The New York Times lists ham, bacon and turkey bacon, corned beef, pepperoni, salami, smoked turkey, bologna, sausages, and corned beef among the deli meat category. The variation of meats comes with different tastes and nutrient profiles. Registered dietitian nutritionist Bonnie Taub-Dix, the creator of BetterThanDieting.com, toldĀ Well and Good that, "Not all deli meats are alike but unfortunately, most are high in sodium." Taub-Dix goes on to say that these meats often have shady ingredients like butylated hydroxyanisole (BHA) and butylated hydroxytoluene (BHT), to help increase shelf life. Foods with high sodium levels and unpronounceable chemicals rarely make any "healthy eating" list. And if those two things aren't enough to make you put down your beloved Rueben, then maybe the subject of cancer will do the trick.

The connection between deli meats and cancer

According to The New York Times, consuming even the smallest amount of processed meats may increase your risk of getting colorectal cancer. Dr. Nigel Brockton, director of research for the American Institute for Cancer Research, tells the publication, "We see a 4 percent increase in the risk of cancer even at 15 grams a day, which is a single slice of ham on a sandwich," he says. There has also been a recent study showing an increased risk of breast cancer among women who often eat processed meat (via The New York Times).

The Provisioner reports that behind-the-glass deli meats have seen a decline in sales compared to past years.
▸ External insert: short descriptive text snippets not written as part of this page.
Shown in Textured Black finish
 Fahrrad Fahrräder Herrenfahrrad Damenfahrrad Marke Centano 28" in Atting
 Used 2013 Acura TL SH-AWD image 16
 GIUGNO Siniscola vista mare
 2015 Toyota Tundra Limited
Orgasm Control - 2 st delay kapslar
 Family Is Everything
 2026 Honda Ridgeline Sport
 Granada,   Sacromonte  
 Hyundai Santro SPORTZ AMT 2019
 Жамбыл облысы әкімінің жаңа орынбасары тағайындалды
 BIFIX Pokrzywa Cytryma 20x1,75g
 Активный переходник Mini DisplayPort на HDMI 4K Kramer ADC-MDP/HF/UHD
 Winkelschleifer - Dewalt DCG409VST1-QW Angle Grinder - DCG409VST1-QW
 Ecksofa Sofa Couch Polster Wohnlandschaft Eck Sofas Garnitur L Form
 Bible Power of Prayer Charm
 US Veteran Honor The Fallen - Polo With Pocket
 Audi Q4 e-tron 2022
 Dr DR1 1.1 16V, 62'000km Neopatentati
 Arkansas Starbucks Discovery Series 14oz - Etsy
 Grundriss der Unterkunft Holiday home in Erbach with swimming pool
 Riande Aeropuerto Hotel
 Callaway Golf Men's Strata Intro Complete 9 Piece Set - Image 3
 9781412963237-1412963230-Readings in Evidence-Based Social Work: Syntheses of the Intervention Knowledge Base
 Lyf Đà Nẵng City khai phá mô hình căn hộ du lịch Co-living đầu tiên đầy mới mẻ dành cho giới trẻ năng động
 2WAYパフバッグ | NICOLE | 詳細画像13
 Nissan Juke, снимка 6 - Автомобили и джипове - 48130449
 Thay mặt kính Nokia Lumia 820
Charles Winship, the senior research analyst at Technomic Inc., a Chicago-based food industry research and consulting firm, explains how deli meats are trying to clean up their reputation. "There is a big push to adapt deli meats to consumer demands for clean labels and additive-free foods," he told the Provisioner. While the adaption is a step in a healthier direction, it may not be enough to make us order a sandwich stuffed with deli meat anytime soon.